- _Instructions for the task_: Would you output, exactly as written, the line with "LE MONDE NOUVEAU : Chronique d’Argentine" and all lines after it to the end of the data below, and no others?

- _Input data_:
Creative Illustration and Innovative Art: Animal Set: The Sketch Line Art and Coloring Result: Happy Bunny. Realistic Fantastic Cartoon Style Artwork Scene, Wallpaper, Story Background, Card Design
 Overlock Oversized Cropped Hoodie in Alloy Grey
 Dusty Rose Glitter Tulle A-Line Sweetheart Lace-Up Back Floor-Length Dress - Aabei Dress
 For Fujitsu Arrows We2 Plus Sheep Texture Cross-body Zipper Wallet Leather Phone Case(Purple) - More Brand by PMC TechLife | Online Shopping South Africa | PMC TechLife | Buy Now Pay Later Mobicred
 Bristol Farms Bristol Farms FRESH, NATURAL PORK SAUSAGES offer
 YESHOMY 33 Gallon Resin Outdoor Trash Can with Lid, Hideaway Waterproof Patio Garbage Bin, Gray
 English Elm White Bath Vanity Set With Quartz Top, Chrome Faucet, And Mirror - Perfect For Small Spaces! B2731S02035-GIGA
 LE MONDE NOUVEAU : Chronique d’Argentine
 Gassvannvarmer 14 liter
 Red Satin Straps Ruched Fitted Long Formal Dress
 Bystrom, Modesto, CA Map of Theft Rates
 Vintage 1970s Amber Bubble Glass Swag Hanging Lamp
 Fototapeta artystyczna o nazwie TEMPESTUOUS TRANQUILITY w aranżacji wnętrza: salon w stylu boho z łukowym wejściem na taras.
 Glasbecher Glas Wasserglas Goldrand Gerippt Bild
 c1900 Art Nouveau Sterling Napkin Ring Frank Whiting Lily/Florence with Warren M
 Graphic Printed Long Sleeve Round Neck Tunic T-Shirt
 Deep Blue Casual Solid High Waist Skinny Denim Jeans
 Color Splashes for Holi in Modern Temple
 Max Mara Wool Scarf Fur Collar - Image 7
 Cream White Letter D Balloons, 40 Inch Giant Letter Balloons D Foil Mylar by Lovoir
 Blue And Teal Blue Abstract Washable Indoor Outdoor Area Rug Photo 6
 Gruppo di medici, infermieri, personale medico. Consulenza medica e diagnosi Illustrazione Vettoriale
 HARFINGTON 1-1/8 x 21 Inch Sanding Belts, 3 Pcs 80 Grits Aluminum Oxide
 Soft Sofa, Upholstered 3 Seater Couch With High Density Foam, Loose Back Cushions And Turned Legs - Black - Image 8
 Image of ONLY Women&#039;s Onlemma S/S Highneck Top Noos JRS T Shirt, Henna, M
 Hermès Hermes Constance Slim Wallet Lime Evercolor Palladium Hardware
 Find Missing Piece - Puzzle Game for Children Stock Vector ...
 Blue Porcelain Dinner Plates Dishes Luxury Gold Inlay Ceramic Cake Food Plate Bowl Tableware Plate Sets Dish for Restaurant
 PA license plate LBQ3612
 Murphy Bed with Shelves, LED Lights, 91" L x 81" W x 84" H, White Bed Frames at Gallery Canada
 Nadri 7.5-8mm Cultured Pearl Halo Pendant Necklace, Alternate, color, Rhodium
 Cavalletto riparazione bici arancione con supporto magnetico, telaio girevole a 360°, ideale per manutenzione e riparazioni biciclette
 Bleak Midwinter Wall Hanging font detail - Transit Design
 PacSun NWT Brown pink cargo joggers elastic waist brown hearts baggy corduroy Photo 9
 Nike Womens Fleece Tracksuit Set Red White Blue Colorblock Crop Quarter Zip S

- _Solution to this task_:
 LE MONDE NOUVEAU : Chronique d’Argentine
 Gassvannvarmer 14 liter
 Red Satin Straps Ruched Fitted Long Formal Dress
 Bystrom, Modesto, CA Map of Theft Rates
 Vintage 1970s Amber Bubble Glass Swag Hanging Lamp
 Fototapeta artystyczna o nazwie TEMPESTUOUS TRANQUILITY w aranżacji wnętrza: salon w stylu boho z łukowym wejściem na taras.
 Glasbecher Glas Wasserglas Goldrand Gerippt Bild
 c1900 Art Nouveau Sterling Napkin Ring Frank Whiting Lily/Florence with Warren M
 Graphic Printed Long Sleeve Round Neck Tunic T-Shirt
 Deep Blue Casual Solid High Waist Skinny Denim Jeans
 Color Splashes for Holi in Modern Temple
 Max Mara Wool Scarf Fur Collar - Image 7
 Cream White Letter D Balloons, 40 Inch Giant Letter Balloons D Foil Mylar by Lovoir
 Blue And Teal Blue Abstract Washable Indoor Outdoor Area Rug Photo 6
 Gruppo di medici, infermieri, personale medico. Consulenza medica e diagnosi Illustrazione Vettoriale
 HARFINGTON 1-1/8 x 21 Inch Sanding Belts, 3 Pcs 80 Grits Aluminum Oxide
 Soft Sofa, Upholstered 3 Seater Couch With High Density Foam, Loose Back Cushions And Turned Legs - Black - Image 8
 Image of ONLY Women&#039;s Onlemma S/S Highneck Top Noos JRS T Shirt, Henna, M
 Hermès Hermes Constance Slim Wallet Lime Evercolor Palladium Hardware
 Find Missing Piece - Puzzle Game for Children Stock Vector ...
 Blue Porcelain Dinner Plates Dishes Luxury Gold Inlay Ceramic Cake Food Plate Bowl Tableware Plate Sets Dish for Restaurant
 PA license plate LBQ3612
 Murphy Bed with Shelves, LED Lights, 91" L x 81" W x 84" H, White Bed Frames at Gallery Canada
 Nadri 7.5-8mm Cultured Pearl Halo Pendant Necklace, Alternate, color, Rhodium
 Cavalletto riparazione bici arancione con supporto magnetico, telaio girevole a 360°, ideale per manutenzione e riparazioni biciclette
 Bleak Midwinter Wall Hanging font detail - Transit Design
 PacSun NWT Brown pink cargo joggers elastic waist brown hearts baggy corduroy Photo 9
 Nike Womens Fleece Tracksuit Set Red White Blue Colorblock Crop Quarter Zip S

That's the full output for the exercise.